782050 16:14:56.945451111 5 node (17387) < futex res=0
782051 16:14:56.945493832 3 node (17385) > futex addr=7F8F03C8FB20 op=128(FUTEX_PRIVATE_FLAG) val=2
782052 16:14:56.945494164 5 node (17387) > futex addr=7F8F03C8FB20 op=129(FUTEX_PRIVATE_FLAG|FUTEX_WAKE) val=1
782053 16:14:56.945494233 3 node (17385) < futex res=-11(EAGAIN)
782054 16:14:56.945494712 3 node (17385) > futex addr=7F8F03C8FB20 op=129(FUTEX_PRIVATE_FLAG|FUTEX_WAKE) val=1
782055 16:14:56.945494814 5 node (17387) < futex res=0
782056 16:14:56.945494872 3 node (17385) < futex res=0
782057 16:14:56.945495204 3 node (17385) > futex addr=7F8F03C8FB20 op=128(FUTEX_PRIVATE_FLAG) val=2
782058 16:14:56.945495491 5 node (17387) > futex addr=7F8F03C8FB20 op=129(FUTEX_PRIVATE_FLAG|FUTEX_WAKE) val=1
782059 16:14:56.945495541 3 node (17385) < futex res=-11(EAGAIN)
782060 16:14:56.945495941 5 node (17387) < futex res=0
782061 16:14:56.945495992 3 node (17385) > futex addr=7F8F03C8FB20 op=129(FUTEX_PRIVATE_FLAG|FUTEX_WAKE) val=1
782062 16:14:56.945496239 3 node (17385) < futex res=0
782063 16:14:56.945496460 3 node (17385) > futex addr=7F8F03C8FB20 op=128(FUTEX_PRIVATE_FLAG) val=2
782064 16:14:56.945496661 5 node (17387) > futex addr=7F8F03C8FB20 op=129(FUTEX_PRIVATE_FLAG|FUTEX_WAKE) val=1
782065 16:14:56.945496780 3 node (17385) < futex res=-11(EAGAIN)

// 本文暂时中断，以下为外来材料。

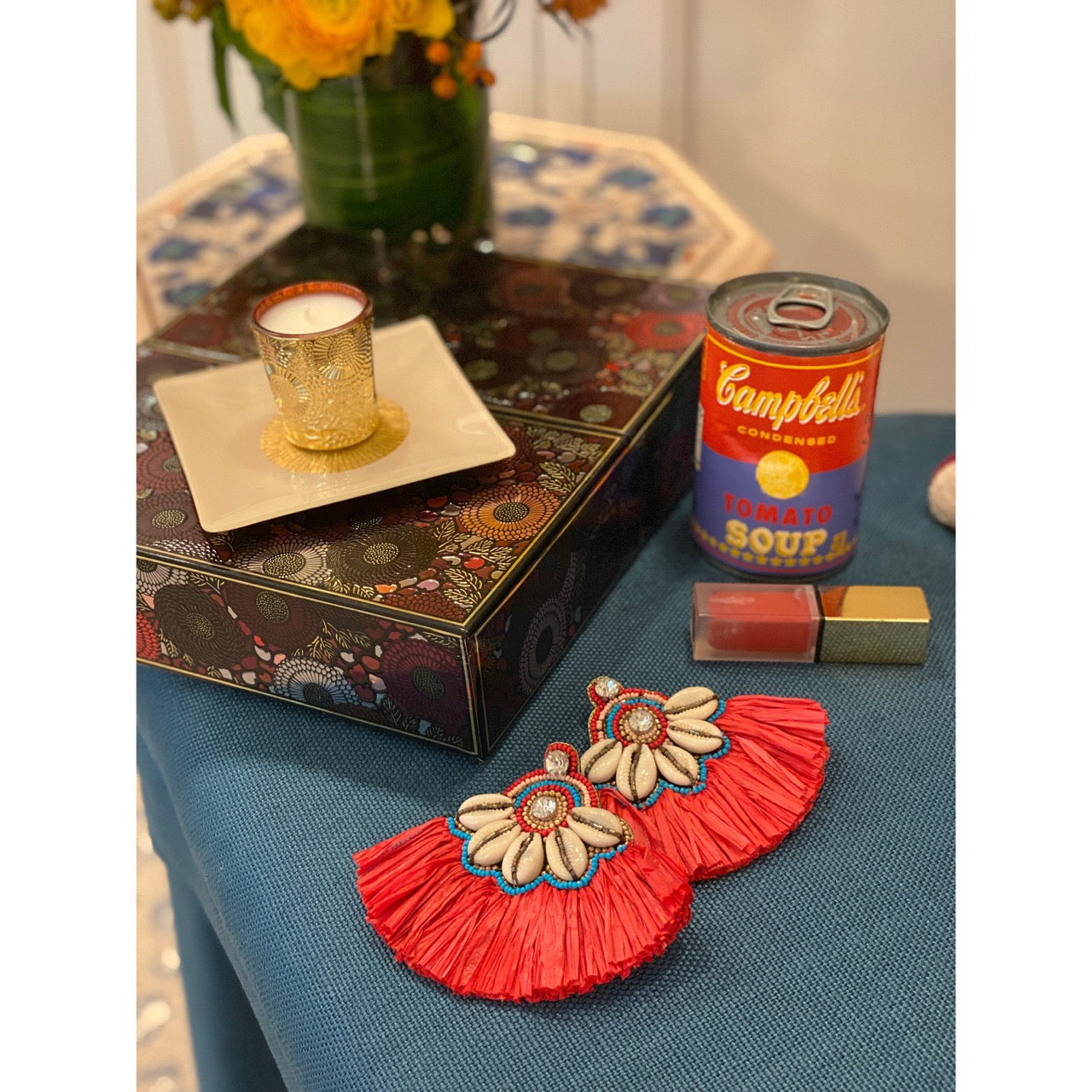 Bold and stylish She Shell Red Fringe Earrings with a playful patch design, great for beach vacations and summer fashion.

782066 16:14:56.945497107 5 node (17387) < futex res=0
782067 16:14:56.945497232 3 node (17385) > futex addr=7F8F03C8FB20 op=129(FUTEX_PRIVATE_FLAG|FUTEX_WAKE) val=1
782068 16:14:56.945497381 3 node (17385) < futex res=0
782069 16:14:56.945497596 3 node (17385) > futex addr=7F8F03C8FB20 op=128(FUTEX_PRIVATE_FLAG) val=2
782070 16:14:56.945497764 5 node (17387) > futex addr=7F8F03C8FB20 op=129(FUTEX_PRIVATE_FLAG|FUTEX_WAKE) val=1
782071 16:14:56.945497913 3 node (17385) < futex res=-11(EAGAIN)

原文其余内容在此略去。